* **REQUIREMENT**:
What you return should be the line containing "Hafele Deco H2385" and each line after it to the end of the records, copied exactly.

Data entries
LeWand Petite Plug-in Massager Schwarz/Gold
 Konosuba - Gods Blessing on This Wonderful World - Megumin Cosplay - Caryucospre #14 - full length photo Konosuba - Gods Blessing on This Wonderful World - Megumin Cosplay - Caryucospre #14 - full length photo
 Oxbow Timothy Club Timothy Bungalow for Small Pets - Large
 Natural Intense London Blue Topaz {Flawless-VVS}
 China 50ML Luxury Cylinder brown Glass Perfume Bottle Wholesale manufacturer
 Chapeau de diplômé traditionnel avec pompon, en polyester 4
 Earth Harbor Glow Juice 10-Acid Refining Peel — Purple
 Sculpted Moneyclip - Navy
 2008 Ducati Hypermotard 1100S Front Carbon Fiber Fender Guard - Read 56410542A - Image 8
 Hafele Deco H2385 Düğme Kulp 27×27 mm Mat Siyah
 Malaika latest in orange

* **WRITTEN RESPONSE**:
 Hafele Deco H2385 Düğme Kulp 27×27 mm Mat Siyah
 Malaika latest in orange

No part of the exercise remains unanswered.